Brief descriptive captions:
^^^^^^^^^^^^^^^^
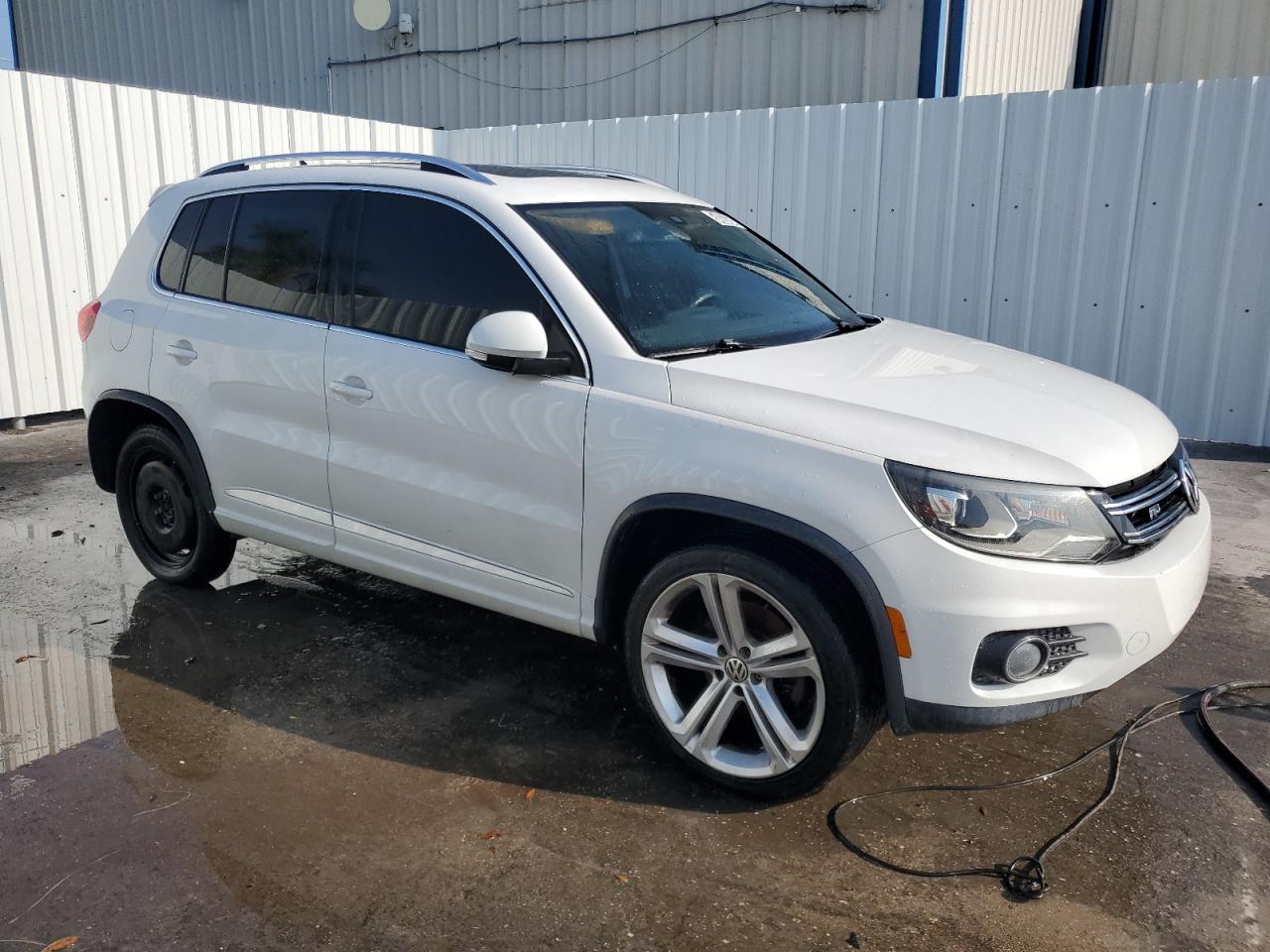 WVGBV3AX4EW068194 2014 Volkswagen Tiguan S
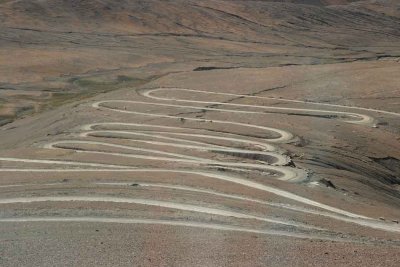 Rongbok winding road.jpg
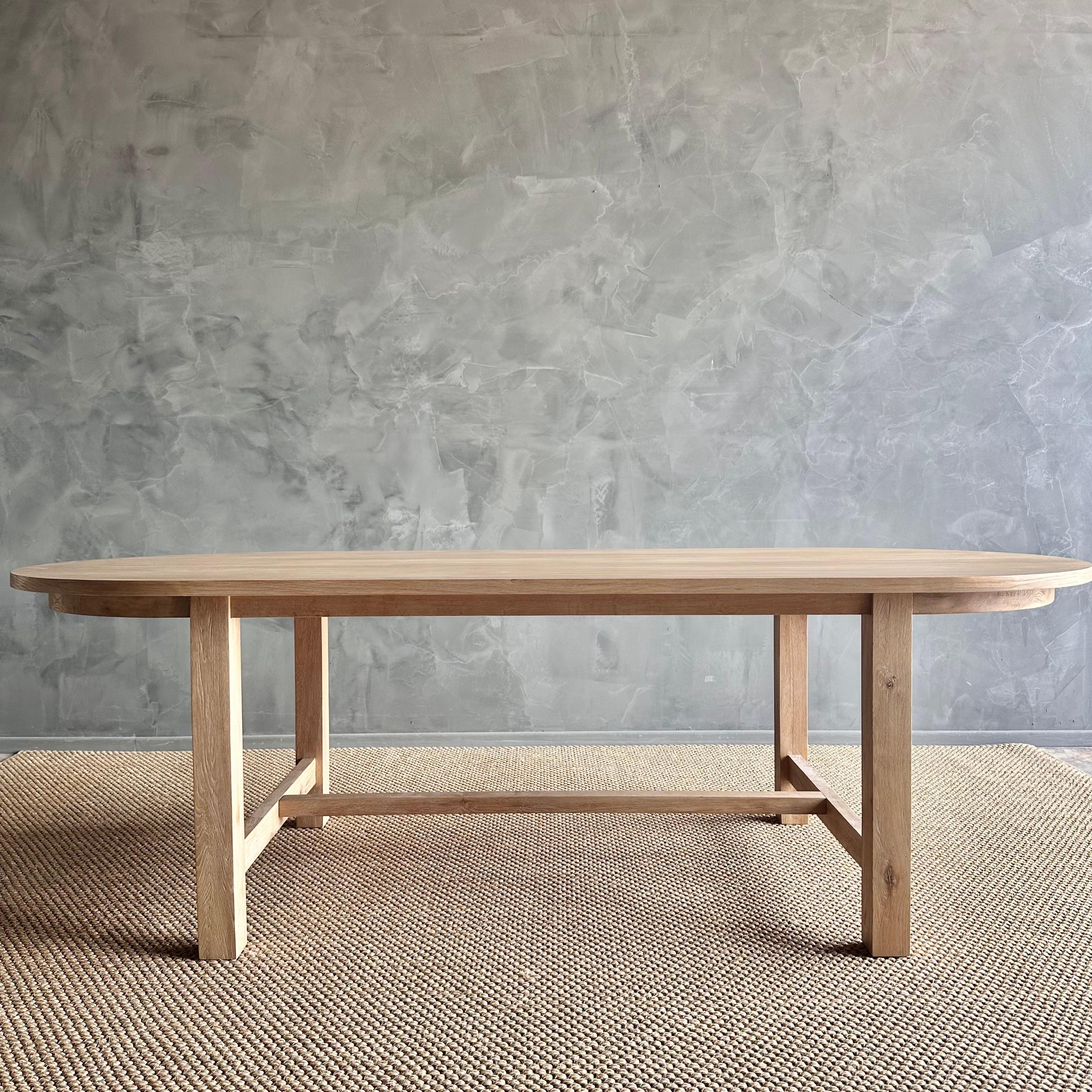 https://a.1stdibscdn.com/oval-dining-table-in-natural-white-oak-for-sale-picture-3/f_18223/f_454187021749679986448/IMG_1144_master.jpg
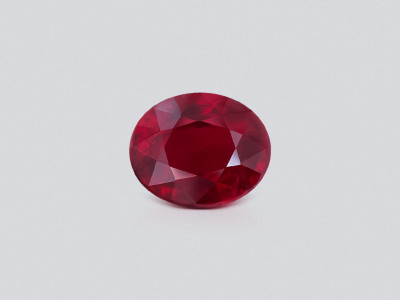 Unbehandelter rubin im Pigeon-Blood schliff oval 2,49 karat, Mosambik photo
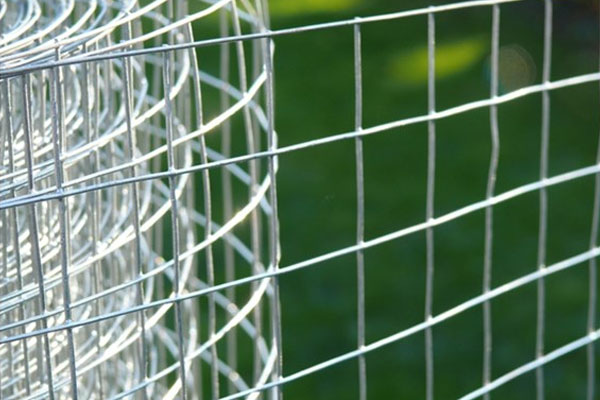 How to Improve the Quality of Stainless Steel Welded Wire Mesh?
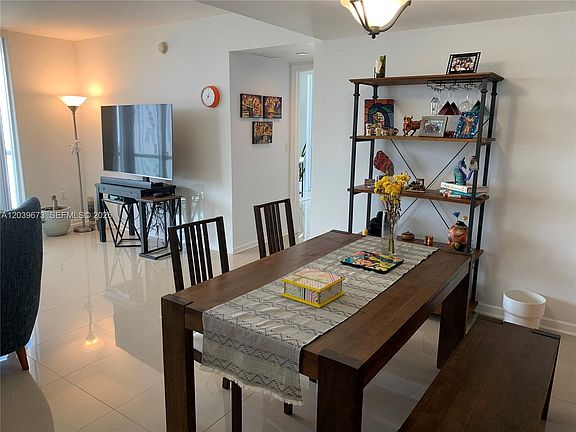 2nd image of 50 Biscayne Blvd APT 3001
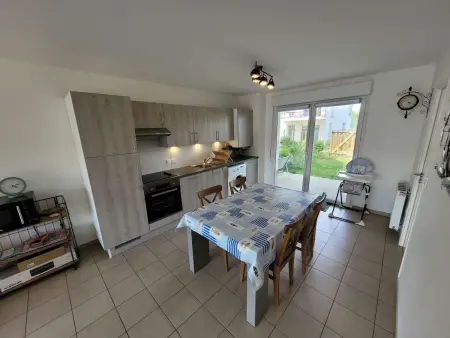 Appartement T3 lumineux à Wimereux avec jardins, terrasses, parking, WiFi - 2 chambres - Photo 2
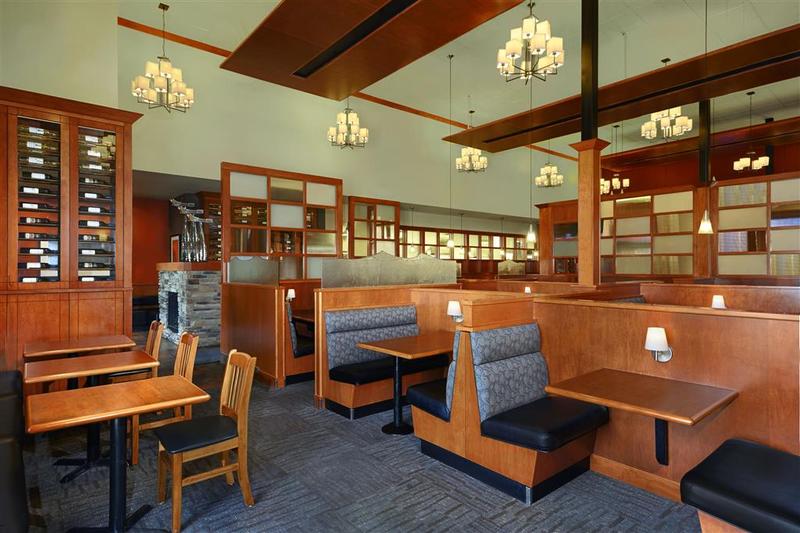 호텔 Four Points By Sheraton Edmonton Gateway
^^^^^^^^^^^^^^^^
Repeat the data above exactly, leaving out any pictures it holds.

▶ [REPLY]
 WVGBV3AX4EW068194 2014 Volkswagen Tiguan S
 Rongbok winding road.jpg
 https://a.1stdibscdn.com/oval-dining-table-in-natural-white-oak-for-sale-picture-3/f_18223/f_454187021749679986448/IMG_1144_master.jpg
 Unbehandelter rubin im Pigeon-Blood schliff oval 2,49 karat, Mosambik photo
 How to Improve the Quality of Stainless Steel Welded Wire Mesh?
 2nd image of 50 Biscayne Blvd APT 3001
 Appartement T3 lumineux à Wimereux avec jardins, terrasses, parking, WiFi - 2 chambres - Photo 2
 호텔 Four Points By Sheraton Edmonton Gateway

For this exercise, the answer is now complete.